(DATA TO USE)

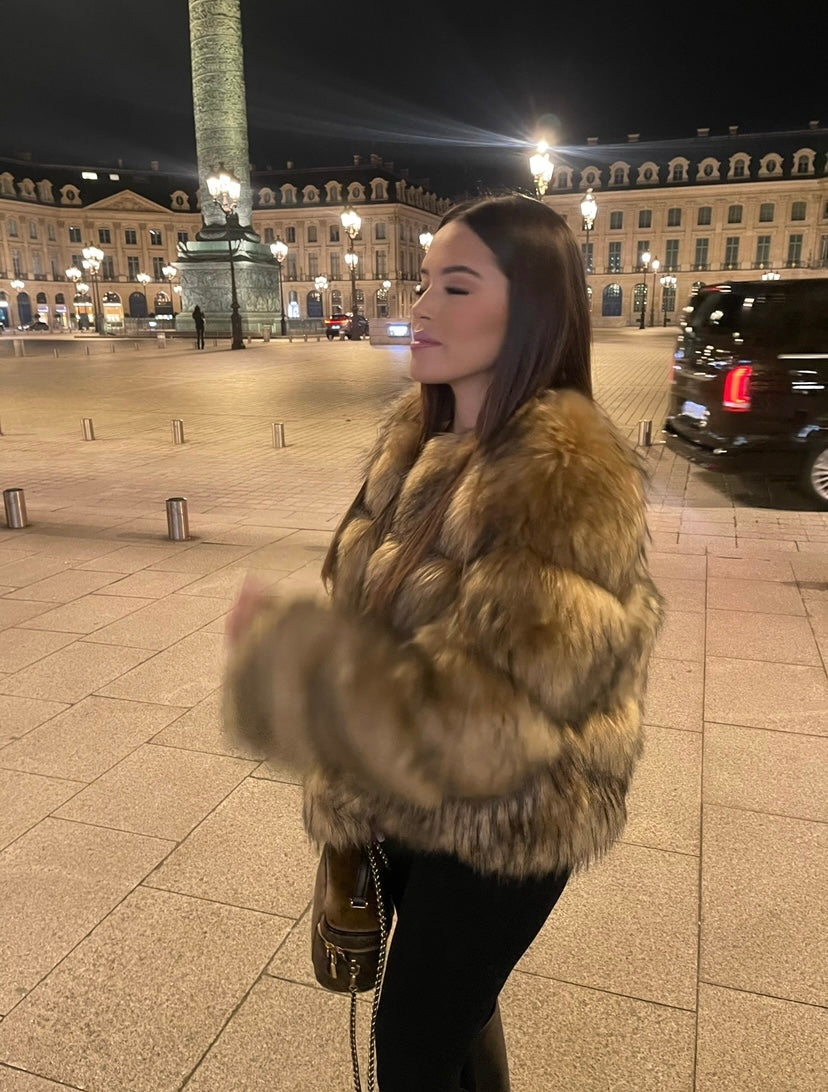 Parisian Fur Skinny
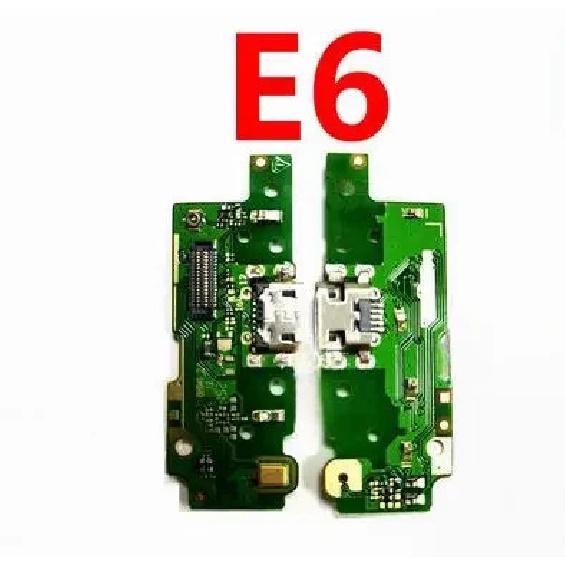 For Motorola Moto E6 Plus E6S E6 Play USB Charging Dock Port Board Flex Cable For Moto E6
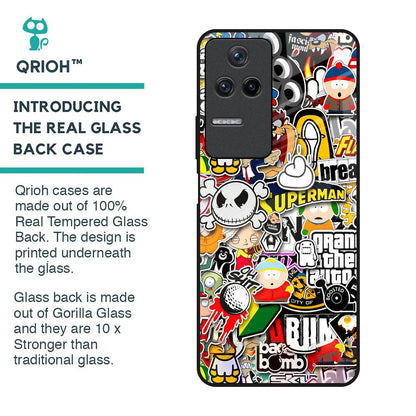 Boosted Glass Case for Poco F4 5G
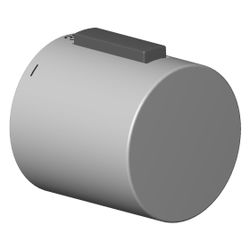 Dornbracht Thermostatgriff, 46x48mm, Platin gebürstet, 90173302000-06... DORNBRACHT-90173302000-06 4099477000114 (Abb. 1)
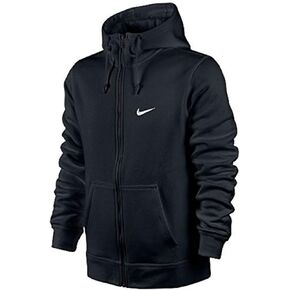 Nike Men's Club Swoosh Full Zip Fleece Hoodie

(End DATA TO USE)
(DATA TO USE)

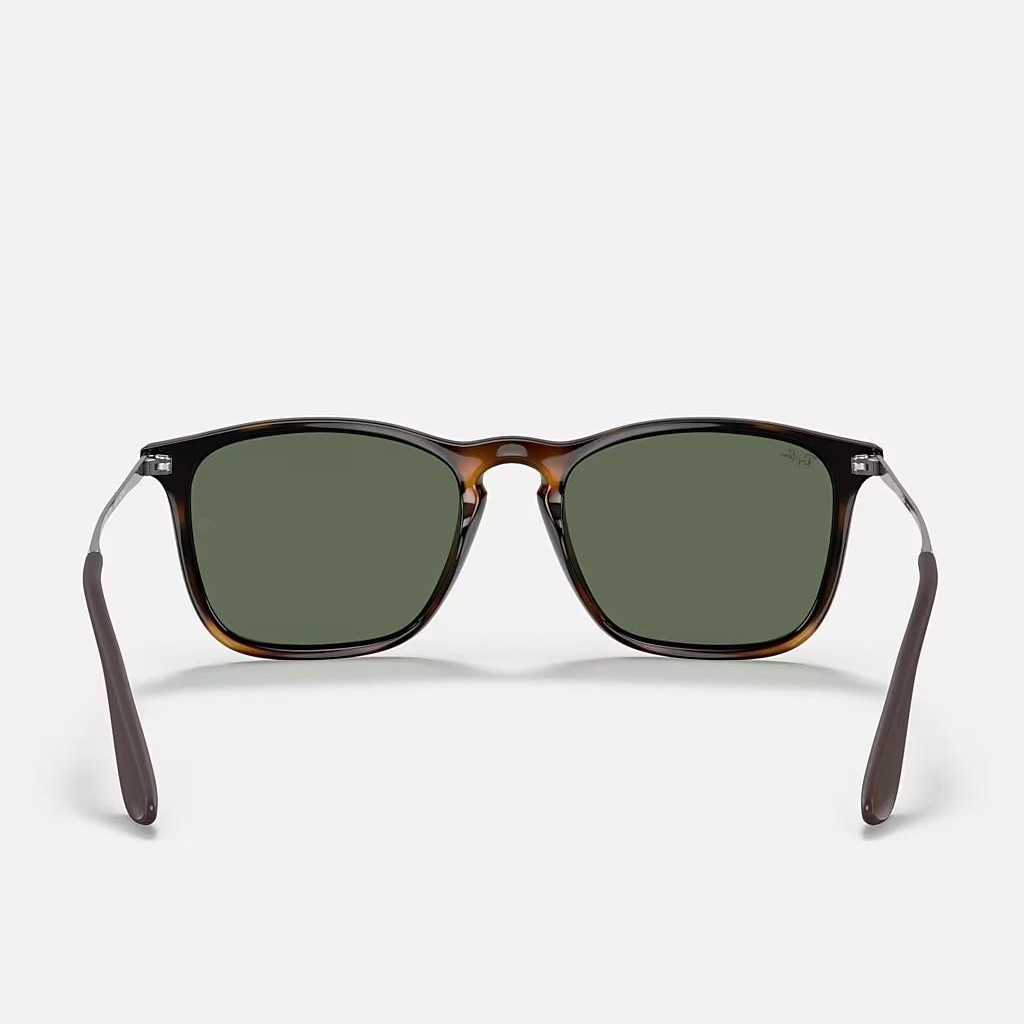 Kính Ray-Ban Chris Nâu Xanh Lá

(End DATA TO USE)

When you reach the line holding "Parisian Fur Skinny" in the listing above, begin retyping exactly, and stop once the line holding "Dornbracht Thermostatgriff, 46x48mm, Platin" is done; pictures stay out.

# [SOLUTION TO THIS PROBLEM]
 Parisian Fur Skinny
 For Motorola Moto E6 Plus E6S E6 Play USB Charging Dock Port Board Flex Cable For Moto E6
 Boosted Glass Case for Poco F4 5G
 Dornbracht Thermostatgriff, 46x48mm, Platin gebürstet, 90173302000-06... DORNBRACHT-90173302000-06 4099477000114 (Abb. 1)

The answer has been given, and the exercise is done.